Start of Block
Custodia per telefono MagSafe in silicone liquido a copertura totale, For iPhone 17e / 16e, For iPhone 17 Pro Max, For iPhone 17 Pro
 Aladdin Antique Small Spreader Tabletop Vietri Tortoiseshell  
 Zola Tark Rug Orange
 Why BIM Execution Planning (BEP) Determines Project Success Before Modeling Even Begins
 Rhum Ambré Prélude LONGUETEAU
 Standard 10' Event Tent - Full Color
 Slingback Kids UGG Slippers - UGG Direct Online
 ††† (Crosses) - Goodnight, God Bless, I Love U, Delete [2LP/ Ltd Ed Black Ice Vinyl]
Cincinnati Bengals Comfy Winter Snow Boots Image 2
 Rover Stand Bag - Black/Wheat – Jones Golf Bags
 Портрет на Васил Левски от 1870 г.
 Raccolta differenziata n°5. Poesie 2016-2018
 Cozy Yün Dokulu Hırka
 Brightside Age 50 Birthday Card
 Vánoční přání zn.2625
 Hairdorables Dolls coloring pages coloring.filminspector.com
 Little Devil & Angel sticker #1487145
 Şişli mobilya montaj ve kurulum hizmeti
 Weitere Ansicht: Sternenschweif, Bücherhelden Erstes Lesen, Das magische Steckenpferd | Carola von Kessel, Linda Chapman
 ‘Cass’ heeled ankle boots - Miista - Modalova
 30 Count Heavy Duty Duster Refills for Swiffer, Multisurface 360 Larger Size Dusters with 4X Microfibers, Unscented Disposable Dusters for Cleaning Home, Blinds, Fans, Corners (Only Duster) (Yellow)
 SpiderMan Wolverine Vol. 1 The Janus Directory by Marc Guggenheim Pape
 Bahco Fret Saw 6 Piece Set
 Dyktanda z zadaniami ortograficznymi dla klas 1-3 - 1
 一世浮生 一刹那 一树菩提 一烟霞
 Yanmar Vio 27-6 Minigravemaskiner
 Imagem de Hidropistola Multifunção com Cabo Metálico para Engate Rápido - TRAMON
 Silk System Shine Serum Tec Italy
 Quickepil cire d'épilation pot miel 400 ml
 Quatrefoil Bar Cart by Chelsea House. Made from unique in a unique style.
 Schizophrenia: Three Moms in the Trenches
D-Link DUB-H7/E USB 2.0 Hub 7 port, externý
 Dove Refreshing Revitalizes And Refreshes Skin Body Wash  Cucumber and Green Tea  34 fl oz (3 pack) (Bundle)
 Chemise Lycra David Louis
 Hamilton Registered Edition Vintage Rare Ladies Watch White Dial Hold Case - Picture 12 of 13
End of Block
▶ [EXERCISE AIM]
Of the lines above, extract only those from the line with "Miista - Modalova" to the line with "30 Count Heavy", both included, exactly as written.

▶ [RESPONSE BELOW]
 ‘Cass’ heeled ankle boots - Miista - Modalova
 30 Count Heavy Duty Duster Refills for Swiffer, Multisurface 360 Larger Size Dusters with 4X Microfibers, Unscented Disposable Dusters for Cleaning Home, Blinds, Fans, Corners (Only Duster) (Yellow)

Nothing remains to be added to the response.